This description relates to information storage systems, such as database systems.
In computer-based data storage systems, data is stored in and retrieved from some medium, such as a memory and a hard disk drive. The most common way to approach a database is via a database query, for example in the form of a SQL statement. Such a database query is often in a compound form (i.e., it requires at least two conditions to be fulfilled). Data can be stored in numerous formats, and a search for data that conforms to a particular query can be done in a number of ways.
In particular, data may be stored in a structure that reflects real-world relationships. For example, in a Human Resources database, a hierarchy of data may be set up which mirrors an organizational situation in which workers report to on-site managers, who in turn report to a project manager, who reports to a Board of Directors. Having a data storage system that reflects the real-world structure of, in this case, an organization may be advantageous. Nonetheless, in such systems, the branching nature of the data storage may result in difficulties when responding to a query.
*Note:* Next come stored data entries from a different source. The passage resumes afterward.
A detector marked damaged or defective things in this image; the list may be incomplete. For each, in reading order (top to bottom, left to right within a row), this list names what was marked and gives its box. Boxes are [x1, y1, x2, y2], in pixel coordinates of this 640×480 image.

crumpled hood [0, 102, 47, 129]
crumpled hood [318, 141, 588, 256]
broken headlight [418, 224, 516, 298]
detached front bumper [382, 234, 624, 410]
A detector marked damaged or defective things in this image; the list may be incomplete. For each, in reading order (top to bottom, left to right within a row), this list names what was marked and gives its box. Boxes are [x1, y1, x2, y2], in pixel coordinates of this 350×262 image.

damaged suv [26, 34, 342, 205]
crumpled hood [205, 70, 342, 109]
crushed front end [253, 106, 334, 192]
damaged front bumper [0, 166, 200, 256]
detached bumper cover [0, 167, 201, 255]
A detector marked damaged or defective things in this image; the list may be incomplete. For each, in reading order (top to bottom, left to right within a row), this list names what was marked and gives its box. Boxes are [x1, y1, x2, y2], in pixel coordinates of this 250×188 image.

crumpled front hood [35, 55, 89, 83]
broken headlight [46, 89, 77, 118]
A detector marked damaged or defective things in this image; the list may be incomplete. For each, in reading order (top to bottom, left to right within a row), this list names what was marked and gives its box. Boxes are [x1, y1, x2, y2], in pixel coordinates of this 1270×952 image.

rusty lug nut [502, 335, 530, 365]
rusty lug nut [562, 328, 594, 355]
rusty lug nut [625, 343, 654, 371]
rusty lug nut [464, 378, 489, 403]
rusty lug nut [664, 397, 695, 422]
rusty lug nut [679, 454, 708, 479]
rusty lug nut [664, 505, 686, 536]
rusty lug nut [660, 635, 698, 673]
For example, in order to definitively determine that a specific worker is not under the supervision of a particular project manager, a database system may be forced to individually examine each path between the project manager and the individual workers (i.e., in this case, all paths traversing the various on-site managers). Although this process is simple in theory, it may become impractical for databases storing large numbers of records and/or having a multi-leveled hierarchical structure. As a result, queries that require information about a relationship, if any, between two or more points in a hierarchical database system may require an inordinately long period of time to return an appropriate reply. Such difficulties are typically exacerbated for databases having storage systems that are more complicated than the simple hierarchical tree structure described above.
According to one general aspect, data objects are stored as nodes in a directed graph, and path information for a first object corresponding to a first node also is stored. The path information provides relational information about a direct path through the directed graph between the first node and a second node, where the second node is separated from the first node along the direct path by at least a third node.
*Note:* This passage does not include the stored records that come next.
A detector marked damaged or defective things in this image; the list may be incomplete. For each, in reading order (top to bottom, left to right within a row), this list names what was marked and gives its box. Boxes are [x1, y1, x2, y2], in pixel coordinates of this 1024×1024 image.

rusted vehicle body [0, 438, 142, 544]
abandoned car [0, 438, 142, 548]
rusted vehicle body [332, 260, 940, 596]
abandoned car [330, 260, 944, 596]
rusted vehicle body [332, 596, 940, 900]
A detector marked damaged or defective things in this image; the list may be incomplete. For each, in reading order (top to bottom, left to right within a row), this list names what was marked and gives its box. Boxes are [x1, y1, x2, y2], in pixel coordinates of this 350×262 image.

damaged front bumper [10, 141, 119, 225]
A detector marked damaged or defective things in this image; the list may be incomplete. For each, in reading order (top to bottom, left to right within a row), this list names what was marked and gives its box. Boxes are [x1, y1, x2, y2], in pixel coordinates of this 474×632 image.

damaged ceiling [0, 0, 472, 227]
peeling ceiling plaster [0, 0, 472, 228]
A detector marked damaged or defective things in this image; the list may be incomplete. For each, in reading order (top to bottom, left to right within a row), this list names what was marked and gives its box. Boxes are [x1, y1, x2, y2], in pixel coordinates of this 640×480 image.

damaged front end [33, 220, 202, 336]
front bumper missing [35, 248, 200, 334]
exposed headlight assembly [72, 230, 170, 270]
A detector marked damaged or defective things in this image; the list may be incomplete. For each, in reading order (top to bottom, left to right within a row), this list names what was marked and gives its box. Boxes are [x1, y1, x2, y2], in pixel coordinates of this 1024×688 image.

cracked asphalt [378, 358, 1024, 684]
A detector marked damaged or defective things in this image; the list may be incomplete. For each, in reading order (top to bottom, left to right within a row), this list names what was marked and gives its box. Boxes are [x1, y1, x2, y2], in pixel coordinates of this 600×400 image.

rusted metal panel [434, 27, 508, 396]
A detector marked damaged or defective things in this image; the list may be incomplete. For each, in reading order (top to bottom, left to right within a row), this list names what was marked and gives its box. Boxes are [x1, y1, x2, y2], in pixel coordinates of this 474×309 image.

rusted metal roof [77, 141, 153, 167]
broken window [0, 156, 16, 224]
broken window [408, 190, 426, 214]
Implementations may include one or more of the following features. For example, a query may be accepted regarding the first node, the first object may be locating, and the path information may be accessed to respond to the query.
In storing data objects, each data object may be stored in a first column of a data table, and a relation of the first data object to a consecutive data object may be stored in a second field of the data table, where the consecutive data object is connected to the first data object in the directed graph by a single edge. In this case, the path information may be stored in a third field of the data table.
In storing path information, a data string may be stored as the path information, where the data string includes at least the second node and the third node. In this case, the data string may be compared to a query regarding the first node, in order to respond to the query. Also, in storing the data string, a first direct path through the directed graph of which the first node is a part may be determined, a first data string may be determined based on the first direct path, a second direct path through the directed graph of which the first node is a part may be determined, a second data string may be determined based on the second direct path, and the first data string and the second data string may be concatenated for storing as the path information.
In storing path information, the relational information may be transformed into a coded value. Also, the path information may be updated to reflect changes in the directed graph. The directed graph may include a hierarchical, multi-leveled data structure.
According to another general aspect, an apparatus comprises a storage medium having instructions stored thereon. The instructions include a first code segment for storing data objects within a table, a second code segment for storing a relation of a first data object to a second data object in the table, where the first data object and the second data object correspond to consecutive nodes on a directed graph, and a third code segment for storing path information associated with the first data object in the table, where the path information describes a path within the directed graph that is between the first node, the second node, and a third node.
Implementations may include one or more of the following features. For example, the apparatus may include a fourth code segment for accepting a query about the first node and a possible relation of the first node to another node within the directed graph, and a fifth code segment for responding to the query based on the path information. In this case, the fifth code segment may include a sixth code segment for detecting the first data object within the table and comparing the path information to the query.
The first data object, the second data object, and the path information may be stored in separate columns of a single row of the table. The third code segment may store the path information as a data string listing the second node and the third node. Alternatively, the third code segment may store the path information as a coded value generated from information about the second and third node and their locations within the directed graph.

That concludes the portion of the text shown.